While I am new to freelance work, I have designed large scale data crawlers for two different employers, gathering data from a variety of sources ranging from APIs to infrastructure to Web scraping. Unfortunately, both are still in use at private companies, and I cannot show you the code. Nevertheless, I can give their architecture in greater detail if you want.
I am highly confident I can complete this quickly, as I have a store of existing experience in exactly this area.
Technology wise, I highly recommend Python with GTK bindings. Manipulating the DOM directly is much cleaner than parsing the source, although both work well.
Process would be as follows:
- Design relational schema in DataBase (MySQL I presume), that incorporates the data points you intend on gathering. Correctly model all objects, events and relationships.

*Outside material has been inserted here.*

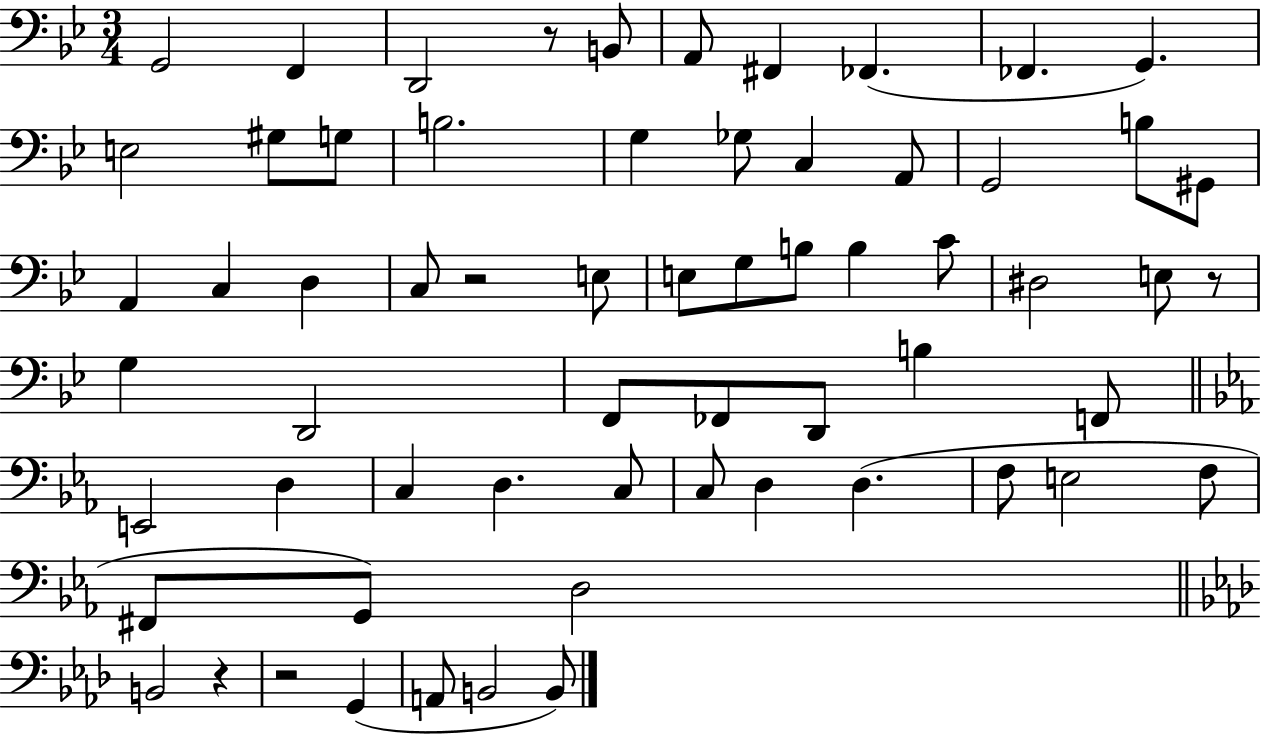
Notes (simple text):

G2/h F2/q D2/h R/e B2/e A2/e F#2/q FES2/q. FES2/q. G2/q. E3/h G#3/e G3/e B3/h. G3/q Gb3/e C3/q A2/e G2/h B3/e G#2/e A2/q C3/q D3/q C3/e R/h E3/e E3/e G3/e B3/e B3/q C4/e D#3/h E3/e R/e G3/q D2/h F2/e FES2/e D2/e B3/q F2/e E2/h D3/q C3/q D3/q. C3/e C3/e D3/q D3/q. F3/e E3/h F3/e F#2/e G2/e D3/h B2/h R/q R/h G2/q A2/e B2/h B2/e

- Built data crawler in bottom up, modular process. Built the data extraction modules with the same hierarchy as your data model (ex. User extractor is primary unit, containing a board reader, pin reader (which itself contains a comment reader), follower/following reader, etc.)
- Built data transformation layer, which is greatly simplified if the crawler and data source are similar in structure.
- Finally, determine launch point for crawler. More sophisticated solution is to build a hub service for scheduling and execution management. Spring Batch Tomcat Webapp works well, if you want the crawler to run on a schedule.